These photos already tell me most of what I wanted to know, namely that the two lenses are similar enough that scaled down to a resolution close to what I typically use, there is no significant difference along any vector you care to choose: sharpness, colour rendition and so on.



Checking that window at 100%, you can see that the Canon seems slightly sharper, but the difference is too small to worry me. The difference may be caused by a number of variables that have nothing to do with the lens. I certainly wouldn’t leave the Sigma home over this bit of evidence.


When I look at the 100% view (not shown here) of the nearest red roof in the picture, the vertical lines separating some of the roof tiles disappear in the Sigma picture where they remain visible in the Canon picture. As you can see that sort of detail makes up a tiny proportion of the final picture. That type of detail is not something I am interested in retaining for the sort of photos I generally take. Still, it is good to see the Canon pancake do well in this respect.

Macro and close-up

Both the Canon and the Sigma have an interesting feature in that you can get very close to a subject and still get it in focus. They both advertise this as macro capability. Since 24mm is equivalent to 38mm on Canon’s APS-C cameras, you can get really close and still get a nice bit of blurry background in the photo.

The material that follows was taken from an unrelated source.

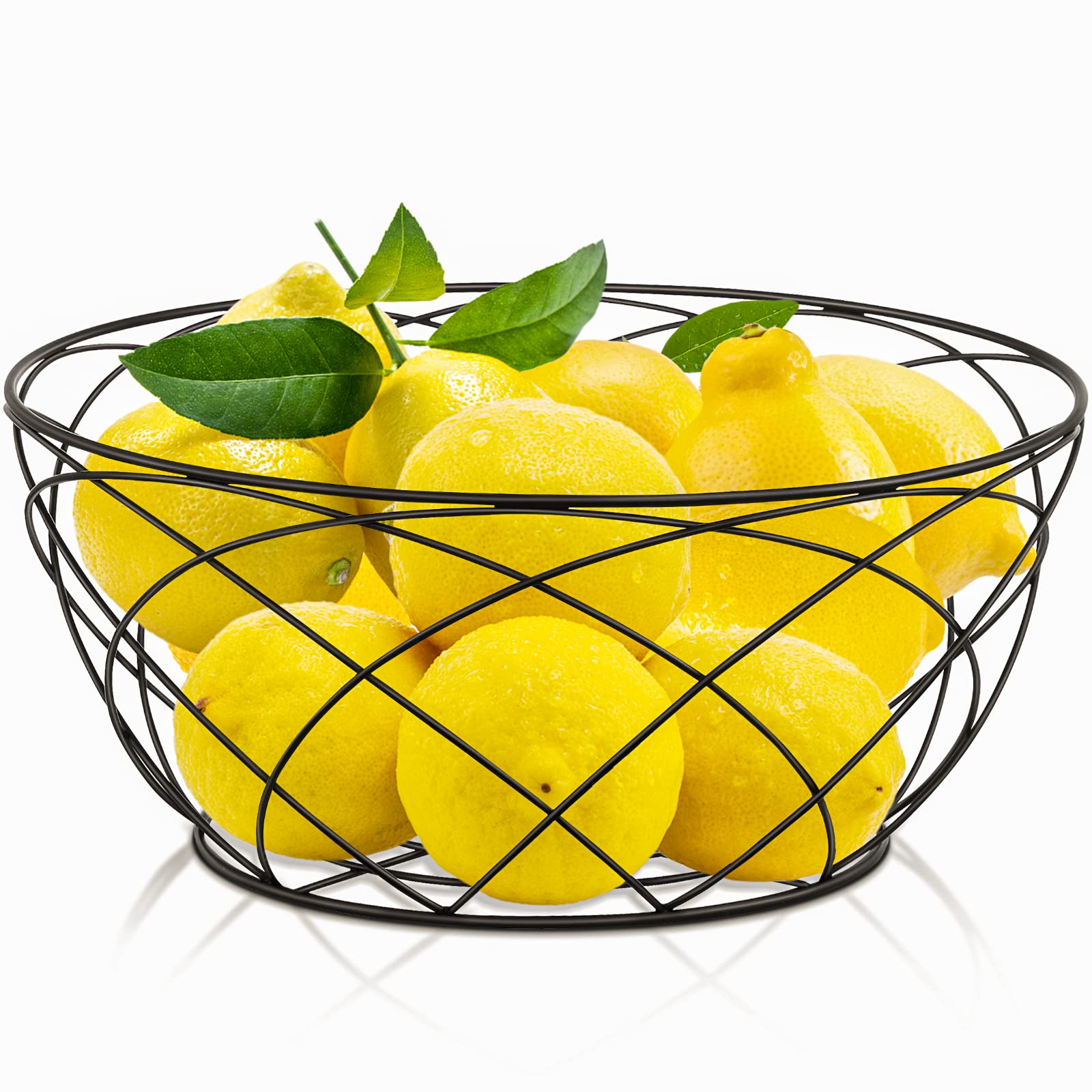 Elegant Black Fruit Basket Bowl for Kitchen Counter - Durable Fruit Holder Stand & Organizer for Countertop - Perfect for Dining Table, Pantry, or Office Decor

What’s interesting here is the change in perspective. I shot these close-ups on a tripod and took care not to move the tripod in between photos. Note that the camera doesn’t tell you which focal length you are shooting at. I had to shoot a test scene first using measurements I got from the dimensional field of view calculator I found at one Max Lyons’ site. In English, I placed an object that was 93 centimetres wide at a distance of 100 centimetres from the sensor, zoomed the Sigma in to the point where the entire width of the object filled the screen, and kept that zoom setting for all the test photos I took with that lens.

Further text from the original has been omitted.